Louisiana delegation heads to Washington to deal with fiscal cliff
Don Ames Reporting
The December 31st Fiscal Cliff deadline is approaching and no deal appears to be on the horizon.
Louisiana's House delegation will head to Washington D-C to convene for a rare Sunday night session to act on any last minute legislation offered by either President Obama or the Senate.
The U-S House could vote on legislation so the federal government can avoid the fiscal cliff, which is a series of tax increases and spending cuts that are set to go into effect in 2013. It would mean 109 billion-dollars in budget cuts and 600 billion dollars in tax hikes.
Lafayette Congressman Charles Boustany speaks for the state's Congressional delegation when he says its unlikely that the cliff can be avoided.
"It's likely that we'll go beyond the December 31st deadline, and we'll take legislation up early in January and make it retroactive. I think that's probably the most likely scenario."
Boustany lays most of the blame for the current impasse on Senator Harry Reed and the democratically controlled Senate.
"We pushed hard to address this in the House back during the summer months to avert this type of problem at the very end of the year," says Boustany. "And, the Senate has just repeatedly failed to move forward on legislation and that's just unacceptable."
Metairie Congressman Steve Scalise agrees that its almost impossible to avoid the deadline at this late date, but he says the House will be ready to help take action to minimize the impact on taxpayers.
"Whatever is done will be made retroactive, so most people will be safe from any tax increases, even if they go up for a few days at the beginning of the year and then it's fixed and it's made retroactive. So, ultimately, nobody will pay more taxes below a certain level."

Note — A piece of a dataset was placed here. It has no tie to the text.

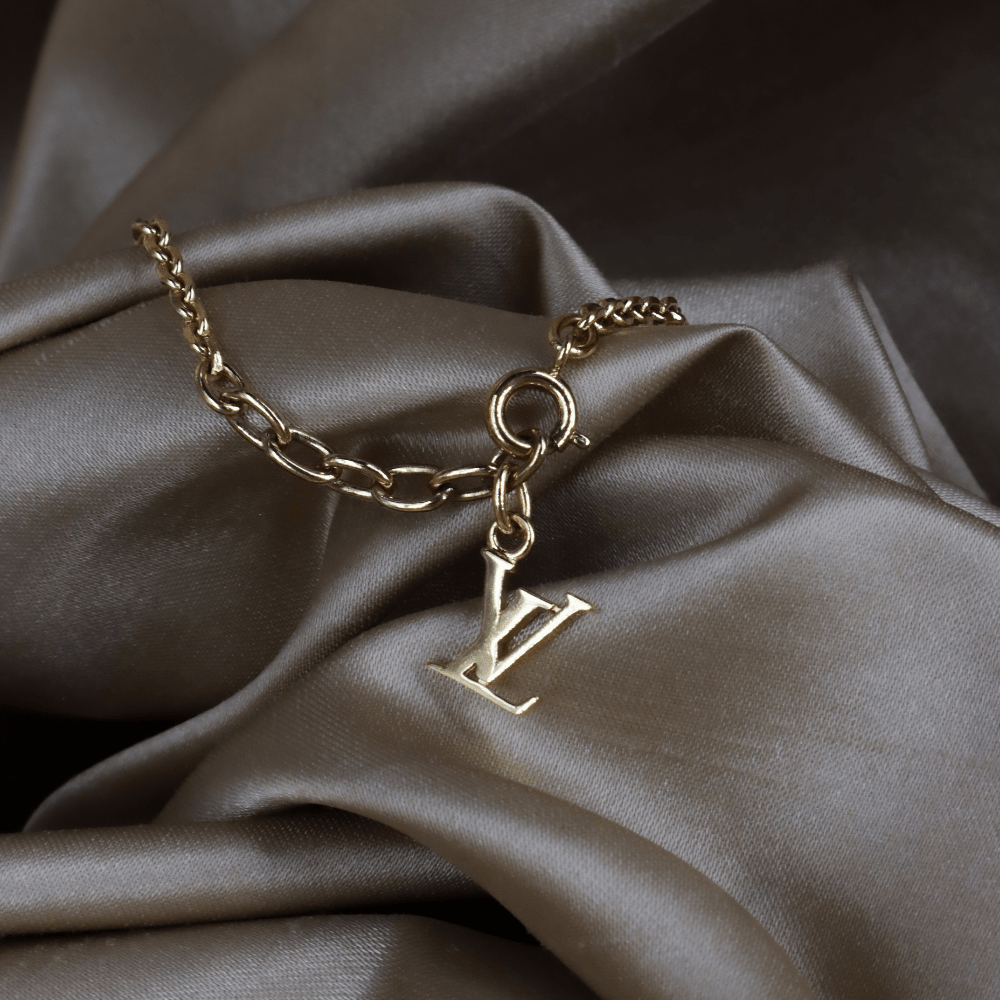 Louis Vuitton Logo Cube Bracelet 手鏈 ｜2000年代經典 - Vintasy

Scalise says not all aspects of the fiscal cliff are negative. He says the automatic spending cuts are a good start to reducing the size of the Federal budget.
Scalise says it about time for Washington to learn to live within its means.
"Forty cents of every dollar that Washington spends is borrowed money," says Scalise. "And, you look at some of these federal agencies over the last few years that have seen double digit increases. I mean, families have been cutting back and Washington's been on a spending spree. It's time for that to change."
If there's a last-minute deal struck, there could be a senate vote Sunday or Monday with the House to follow.